A banda sonora segue uma abordagem funcional, com músicas que mantêm um ritmo energético adequado à ação. As faixas procuram reforçar a intensidade das batalhas e ajudam a manter o jogador focado no combate.
No entanto, nenhuma das músicas se revela particularmente memorável. A banda sonora cumpre o seu propósito de acompanhar a jogabilidade, mas dificilmente ficará na memória depois de terminar a campanha.
Mesmo assim, o conjunto de efeitos e música consegue manter a experiência coesa e compatível com o estilo arcade que o jogo procura transmitir.
Conclusão
Ghetto Zombies é um exemplo claro de como uma ideia simples pode resultar numa experiência divertida quando executada com competência. A proposta do estúdio Fogo Games aposta numa jogabilidade direta, inspirada nos clássicos da ação com perspetiva de cima para baixo, e consegue entregar vários momentos de entretenimento ao longo da campanha.
A duração da aventura é relativamente curta, podendo ser concluída em cerca de cinco horas. No entanto, esta duração acaba por se revelar adequada para o tipo de experiência que o jogo pretende oferecer. A ação constante e o ritmo rápido fazem com que a campanha avance sem grandes momentos de monotonia.
O arsenal variado de armas é um dos elementos mais interessantes da jogabilidade. A possibilidade de experimentar diferentes estilos de combate acrescenta alguma diversidade às batalhas contra as hordas de zumbis.

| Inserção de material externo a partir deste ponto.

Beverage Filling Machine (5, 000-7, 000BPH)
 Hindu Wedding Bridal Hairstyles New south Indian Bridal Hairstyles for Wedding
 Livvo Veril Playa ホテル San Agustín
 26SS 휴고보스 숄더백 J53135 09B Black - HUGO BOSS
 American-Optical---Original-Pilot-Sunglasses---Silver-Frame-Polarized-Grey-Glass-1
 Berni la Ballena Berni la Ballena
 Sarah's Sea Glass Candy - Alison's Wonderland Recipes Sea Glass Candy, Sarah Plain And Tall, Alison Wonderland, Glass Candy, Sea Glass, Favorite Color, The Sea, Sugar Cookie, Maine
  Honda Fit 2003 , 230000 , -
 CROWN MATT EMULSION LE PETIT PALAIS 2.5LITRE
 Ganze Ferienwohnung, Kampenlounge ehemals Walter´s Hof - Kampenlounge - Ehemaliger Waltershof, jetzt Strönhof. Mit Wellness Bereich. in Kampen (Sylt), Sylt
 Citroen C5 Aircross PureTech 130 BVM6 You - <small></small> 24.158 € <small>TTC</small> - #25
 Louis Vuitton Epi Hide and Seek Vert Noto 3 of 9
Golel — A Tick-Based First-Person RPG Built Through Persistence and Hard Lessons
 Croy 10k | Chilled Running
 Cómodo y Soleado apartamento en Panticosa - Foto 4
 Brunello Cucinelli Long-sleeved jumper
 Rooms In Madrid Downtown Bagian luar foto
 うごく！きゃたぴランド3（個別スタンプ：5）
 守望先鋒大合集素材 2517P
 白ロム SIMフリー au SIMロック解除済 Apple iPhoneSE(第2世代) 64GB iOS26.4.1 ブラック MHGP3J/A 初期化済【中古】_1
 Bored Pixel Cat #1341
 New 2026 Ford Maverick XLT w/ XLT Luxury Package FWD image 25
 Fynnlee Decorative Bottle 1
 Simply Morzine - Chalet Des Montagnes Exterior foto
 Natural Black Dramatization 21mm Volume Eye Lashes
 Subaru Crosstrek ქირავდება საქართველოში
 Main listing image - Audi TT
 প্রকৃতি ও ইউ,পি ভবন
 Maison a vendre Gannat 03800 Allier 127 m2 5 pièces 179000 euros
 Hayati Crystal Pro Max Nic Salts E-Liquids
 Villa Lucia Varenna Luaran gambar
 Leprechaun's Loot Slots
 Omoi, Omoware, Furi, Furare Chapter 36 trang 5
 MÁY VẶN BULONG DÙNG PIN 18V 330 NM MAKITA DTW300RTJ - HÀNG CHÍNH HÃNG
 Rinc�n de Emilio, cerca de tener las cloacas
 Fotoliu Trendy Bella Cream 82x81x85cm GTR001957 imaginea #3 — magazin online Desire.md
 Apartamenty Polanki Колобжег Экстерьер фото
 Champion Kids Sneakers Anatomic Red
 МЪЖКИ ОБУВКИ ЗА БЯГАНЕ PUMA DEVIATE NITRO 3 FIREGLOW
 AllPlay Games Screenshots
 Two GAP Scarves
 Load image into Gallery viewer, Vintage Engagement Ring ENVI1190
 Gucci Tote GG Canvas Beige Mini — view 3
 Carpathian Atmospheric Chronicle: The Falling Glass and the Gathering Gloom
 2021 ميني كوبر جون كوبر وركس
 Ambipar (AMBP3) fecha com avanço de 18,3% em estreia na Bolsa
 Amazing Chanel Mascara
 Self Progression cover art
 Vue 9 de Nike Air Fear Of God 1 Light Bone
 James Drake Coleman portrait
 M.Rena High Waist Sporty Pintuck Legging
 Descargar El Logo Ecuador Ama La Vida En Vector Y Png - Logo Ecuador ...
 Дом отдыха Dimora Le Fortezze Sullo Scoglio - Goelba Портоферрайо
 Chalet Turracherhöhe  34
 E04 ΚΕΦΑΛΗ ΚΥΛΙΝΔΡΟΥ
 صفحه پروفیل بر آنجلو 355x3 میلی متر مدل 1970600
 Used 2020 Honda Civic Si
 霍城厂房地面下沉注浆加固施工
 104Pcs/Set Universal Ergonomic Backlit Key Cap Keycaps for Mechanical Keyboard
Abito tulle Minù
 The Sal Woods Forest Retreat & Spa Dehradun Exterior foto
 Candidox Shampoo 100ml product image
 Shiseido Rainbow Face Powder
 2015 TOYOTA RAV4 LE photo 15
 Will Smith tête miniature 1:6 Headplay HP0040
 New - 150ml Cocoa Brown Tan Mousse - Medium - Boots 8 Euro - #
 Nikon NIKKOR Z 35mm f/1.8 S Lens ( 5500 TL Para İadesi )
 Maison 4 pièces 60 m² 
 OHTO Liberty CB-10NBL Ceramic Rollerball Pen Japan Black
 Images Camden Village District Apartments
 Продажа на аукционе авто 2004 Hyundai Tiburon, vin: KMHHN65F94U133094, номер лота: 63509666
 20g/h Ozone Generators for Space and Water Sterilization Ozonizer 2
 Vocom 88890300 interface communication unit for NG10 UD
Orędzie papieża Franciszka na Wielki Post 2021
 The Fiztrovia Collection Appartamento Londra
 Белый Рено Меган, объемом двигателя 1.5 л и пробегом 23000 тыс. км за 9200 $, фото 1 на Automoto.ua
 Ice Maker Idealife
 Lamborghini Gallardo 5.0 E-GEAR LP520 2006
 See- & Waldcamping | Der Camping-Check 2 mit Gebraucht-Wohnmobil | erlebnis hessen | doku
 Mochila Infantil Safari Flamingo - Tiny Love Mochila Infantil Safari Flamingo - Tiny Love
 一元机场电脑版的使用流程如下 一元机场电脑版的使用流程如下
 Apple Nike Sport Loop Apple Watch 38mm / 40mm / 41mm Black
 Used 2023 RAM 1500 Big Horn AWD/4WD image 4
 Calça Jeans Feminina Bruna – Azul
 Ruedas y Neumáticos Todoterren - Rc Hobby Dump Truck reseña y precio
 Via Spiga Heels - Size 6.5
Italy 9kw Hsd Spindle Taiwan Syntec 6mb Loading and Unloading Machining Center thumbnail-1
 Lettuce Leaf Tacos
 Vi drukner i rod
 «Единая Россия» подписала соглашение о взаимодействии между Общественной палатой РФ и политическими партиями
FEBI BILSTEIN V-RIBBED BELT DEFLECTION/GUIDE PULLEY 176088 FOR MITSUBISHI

Por outro lado, existem alguns aspetos que poderiam beneficiar de maior polimento. O equilíbrio das armas é inconsistente e o sistema de progressão acaba por não recompensar tanto quanto seria desejável. A ausência de modos adicionais, como desafios de sobrevivência contra hordas infinitas ou um modo cooperativo, também faz sentir alguma falta de conteúdo extra.
Mesmo com estas limitações, Ghetto Zombies consegue cumprir aquilo que promete. É um jogo de ação simples, com uma estética retro muito agradável e combates suficientemente divertidos para manter o interesse até ao final.
Para quem aprecia experiências arcade diretas e sem complicações, este título independente pode revelar-se uma surpresa agradável. Não reinventa o género, mas oferece algumas horas de diversão sólida num pacote visualmente charmoso.